What makes arts sponsorship different from other forms of sponsorship?
Simple answer, if a slight generalisation. Essentially the target market which tends to be slightly more aspirational, cultured and creatively driven than the norm. Corporate sponsors that become partners of the arts are also looking to set themselves apart from their competitors by doing something more meaningful and imaginative. Arts sponsorship also provides more interactive and inspirational opportunities for employee engagement as well as emphasising a sense of responsibility and purpose than many other forms of sponsorship.
Corporate sponsors that become partners of the arts are also looking to set themselves apart from their competitors by doing something more meaningful and imaginative.
Do you feel the arts and cultural sector is more receptive to the possibilities of corporate sponsorship as a form of income generation?
No. Sadly sponsorship still seems to be greeted with suspicion in the arts. Some organisations still fear that their editorial integrity will be affected, while some others (generally smaller organisations) find the prospect of seeking partners to be daunting and time consuming.
What are the skills needed to become an expert in corporate sponsorship?
I always think that marketing is common sense! Maybe I’m simplifying things but directing messages to the people most likely to buy your products doesn’t require further explanation. As far as sponsorship is concerned it is a specialist discipline but it is also founded on some obvious principles. But beyond just logical thinking, a sponsorship practitioner needs to be agile, logical, resourceful, analytical and creative. Needless to say, anyone with basic marketing experience who wants to understand the principles and disciplines that make up successful sponsorship campaigns should undertake specific training. No better place to start than the Certificate!

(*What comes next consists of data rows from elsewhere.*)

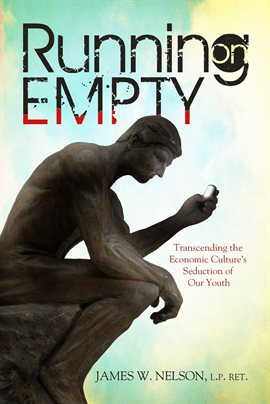 Imagen de portada para Running on Empty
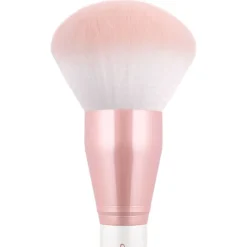 Luvia Cosmetics Gesichtspinsel Candy 202 - Prime Vegan Powder Brush XL Kabuki-Pinsel von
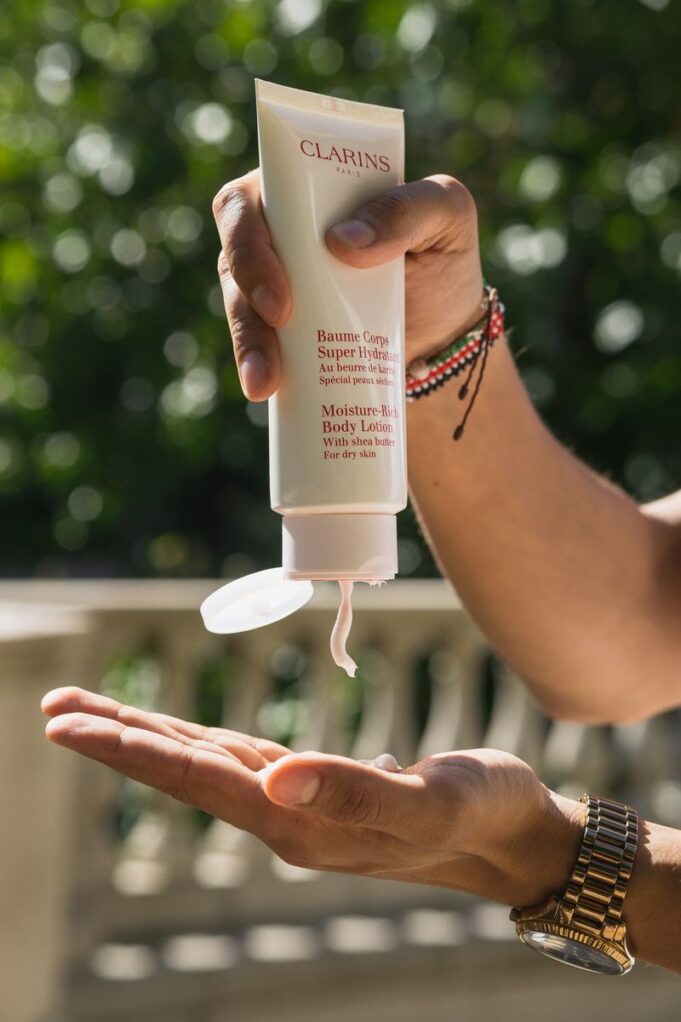 5 Tips for Choosing the Best Sunscreen for Tattoos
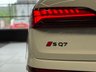 USED 2025 X AUDI SQ7 4.0 TFSI V8 Black Edition SUV 5dr Petrol Tiptronic quattro Euro 6 (s/s) (507 ps) 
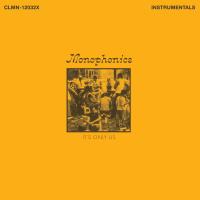 Artwork for It's Only Us by Monophonics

What are your top tips for someone going into sponsorship?
- Don’t take ‘No’ for an answer
- Never ever give up
- Be open to change
- The more creativity you can apply to the process the more likely you are to succeed
What do you think the future of arts sponsorship looks like?
Despite things being tough I believe that sponsorship is the future for arts and culture. I believe that every arts organisation has saleable assets and can attract commercial partnership revenue. I also believe that, as more societal responsibility is demanded from our corporations, the arts can fill this requirement. It is often the bridge into communities and also a conduit for the transformation of young people. I am hopeful that a major breakthough is close at hand and it only requires one brave company to do a ground-breaking deal that will precipitate a dramatic shift.
What is your favourite art sponsorship campaign?
Such a big question so please excuse me if I mention a few. As I spent a lot of my formative years working on promotions I always think that the best campaigns should have a promotional element attached, if only because this adds a sales-led benefit as an outcome. I say this slightly red-faced because it’s very close to home for me, but Orange Wednesdays, still to this day, takes some beating. I also love campaigns that offer serious levels of employee engagement so I’ve always loved The Old Vic’s partnership with PwC, where staff not only undertook personal development training at the theatre but also staged their own play. I also love prizes as they are associated with excellence and reflect well on sponsors. So, I love the Deutsche Bank Art Prize for Schools which annually attracts over 20,000 entries. For sheer audacity and originality, I also love the partnership between Scotland’s Check It Scaffold Services and the Scottish Ballet which is only a small arrangement but shows that value of thinking outside the box.